Quand j’ai parlé l’autre jour d’un monsieur qui est milliardaire maintenant et que j’ai posé la question en rigolant un peu de savoir s’il n’avait pas fait une partie de sa fortune grâce à des choses que j’ai inventées, en fait, en y réfléchissant par la suite, oui, c’est vraiment bien possible. 

J’ai utilisé aussi beaucoup par la suite, à propos des mortgages, des prêts immobiliers, Models for Discrete Data [D. Zeltermann, Oxford University Press 1999]. Le titre ne dit pas grand-chose mais enfin, il y a des choses extrêmement importantes là-dedans comme la régression logistique, voilà, qui est une méthode que j’ai utilisée, modèles log-linéaires. 
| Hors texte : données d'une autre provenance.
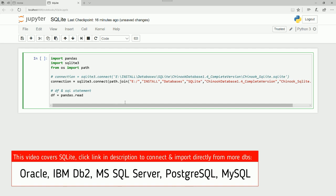So we say pandas.read underscore sql. Just like you would import a csv file, you say pandas.read underscore csv. For an Excel, underscore Excel. For an SQL, it's underscore SQL. And here, we have always two parameters: your SQL statement and your connection.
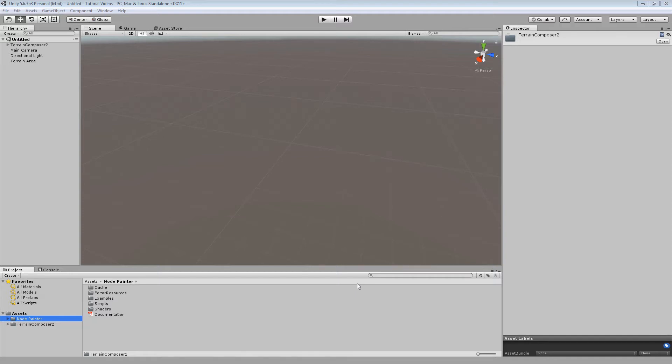Hello everybody, my name is Levin and in this video I am going to show you the examples and basics of TC2 Node Painter.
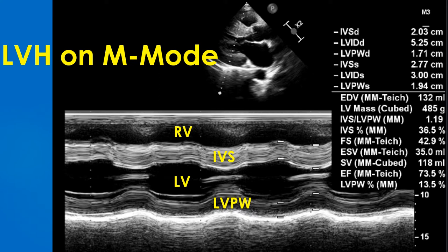M-Mode echocardiogram showing left ventricular hypertrophy. IVSD – interventricular septum diastolic measurement. LVIDD – left ventricular internal dimension diastolic. LVPWD – left ventricular posterior wall diastolic. IVSS – interventricular septum systolic. LVIDS – left ventricular internal dimension systolic.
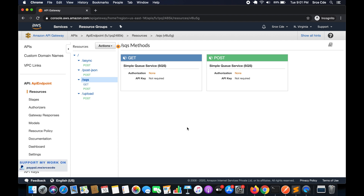What's up guys, I am Churag and welcome to part 24 of the tutorial series on Amazon API Gateway. In part 23 I took you through how to fetch messages from the SQS queue using API Gateway, and now in this tutorial I will take you through how to delete the message after fetching it from the SQS queue using API Gateway itself.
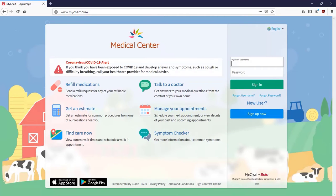Let me show you how to reset your username or password, and change how you login to MyChart. I'll do this from the web version of MyChart, but the steps are similar from a mobile device.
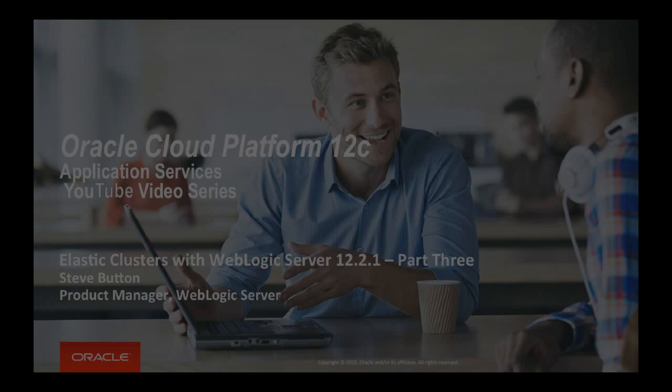Hello and welcome to another video in this series where I am demonstrating the use of the elastic cluster mechanism now available with WebLogic Server 12.2.1. This is part three of the series.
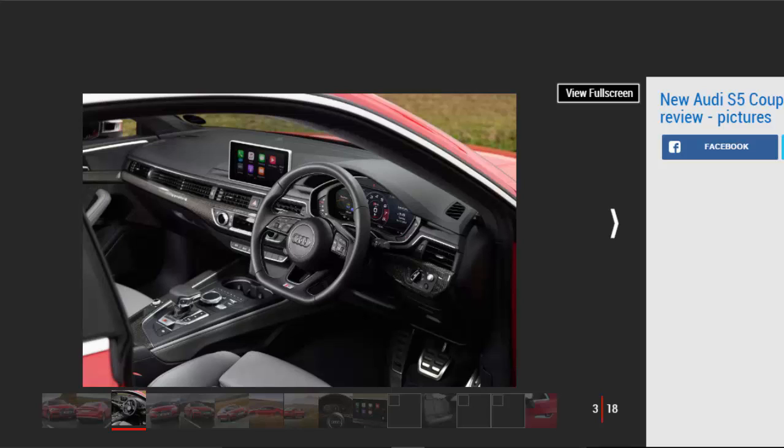These include the S5 specific single-frame chrome grille, satin finish wing mirrors and subtly different front and rear bumpers with a matte diffuser insert. While the styling isn't revolutionary compared to its predecessor, there have been some more significant changes to the S5 under the skin.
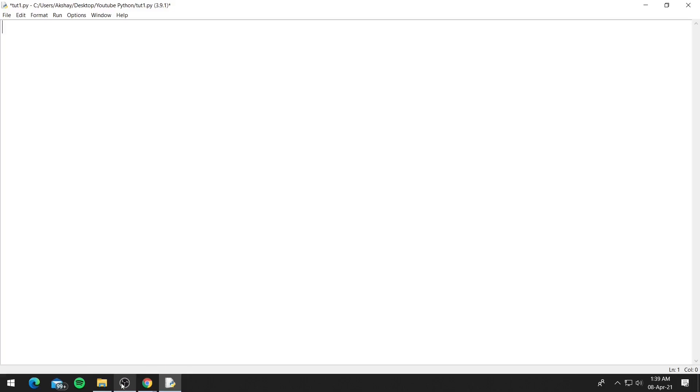As I said SQLite comes by default with Python 3, so we can go ahead and import it. So import sqlite3.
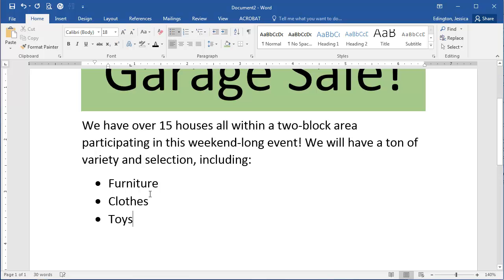That's going to allow me to easily scan each of these items when I'm reading it. Now let's say I'm done listing and I want to create a new paragraph. If I hit Enter, notice that it automatically assumes I want to add another bullet.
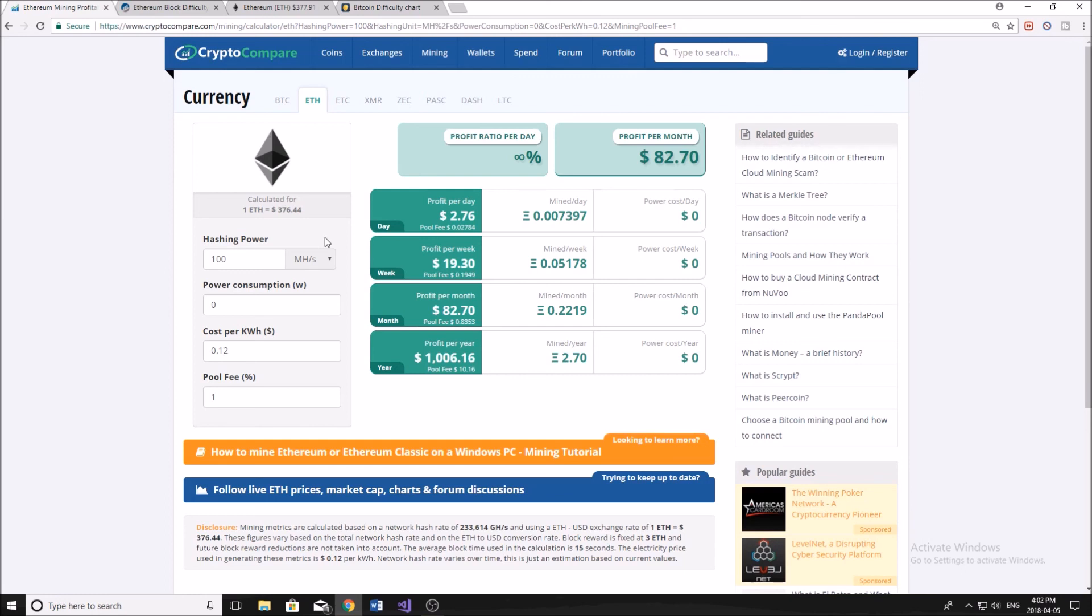But yeah, mining Ethereum right now, it's not very profitable. And I wouldn't recommend it unless you already have the hardware and it's just sitting around there, especially if you're not paying electricity. So that's been it for this video.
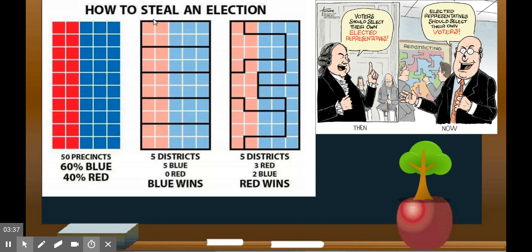Here's how to steal an election: say you've got 60 blue and 40 red. In five districts drawn fairly, you'd get five blue wins and zero red wins. But if you gerrymander it, you can carve up the percentages you need to win and give yourself a real advantage. There are old political cartoons expressing that same notion. It's yet another way democracy is subverted — like playing a game where someone exploits every subjective gray area in the rules to win, even though everyone knows the rules weren't intended that way.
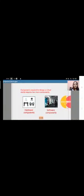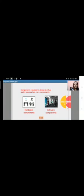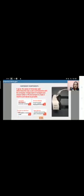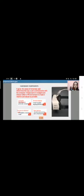The components of virtual reality are in two types: hardware components and software components. First we see the hardware components. They give the sense of immersion and determine the way a user communicates with the computer. They help users navigate and interact with the virtual reality environment to make it as intuitive and natural as possible.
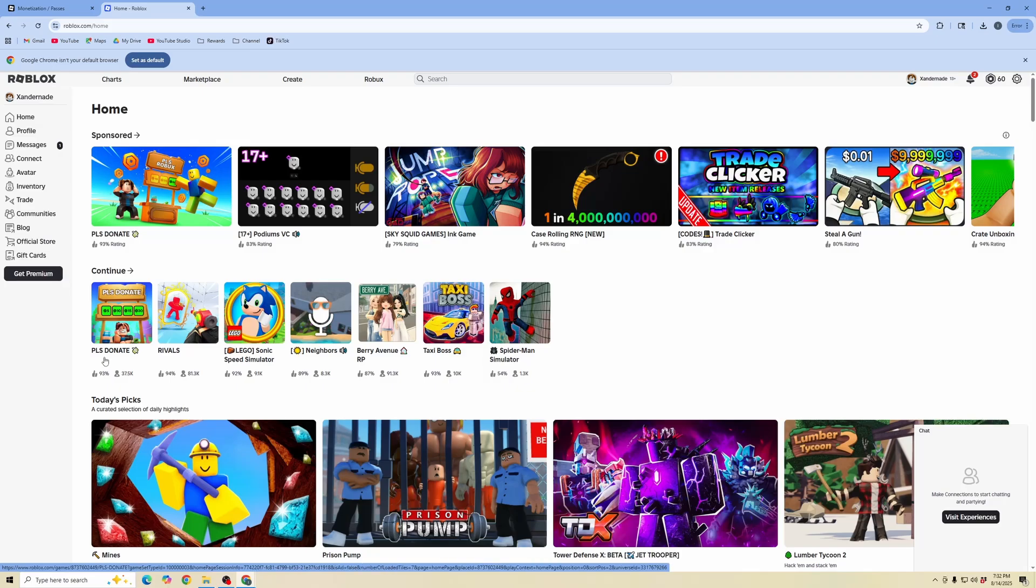In this video I'm going to show you how to make a private server in Roblox. Now it is very easy, you just want to navigate to the experience that you want to create a private server for.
Ici aussi, voilà, un livre que j’ai beaucoup utilisé : Applied Longitudinal Data Analysis [J.D. Singer & J.B. Willett, Oxford University Press 2003], [sous-titre :] « modéliser le changement et l’occurrence, l’apparition d’évènements ». Bon, ça ne dit pas grand-chose mais, par exemple, les compagnies d’assurance utilisent ce type de méthodes de calcul de la survie d’une personne, de quelque chose. Donc, moi, j’ai utilisé ça pour en faire un modèle de survie d’un mortgage, d’un prêt remboursable, d’un prêt aussi qu’on peut refinancer pour aller en prendre un autre à un taux plus intéressant, des choses de cet ordre-là. 

Donc, 18 années de travail sur un malentendu : que j’allais utiliser des techniques d’Intelligence Artificielle et puis, pas. 

Pourquoi je vous raconte tout ça ? Parce que, quand je vous raconte cette histoire maintenant, je me rends compte qu’elle est devenue fausse. Elle est devenue fausse parce que tout ce dont je vous ai parlé, toutes ces méthodes de statistiques avancées, toutes ces méthodes de probabilité, de combinatoire, tout ça, on appelle ça maintenant de l’Intelligence Artificielle –  voilà ma petite astuce ! 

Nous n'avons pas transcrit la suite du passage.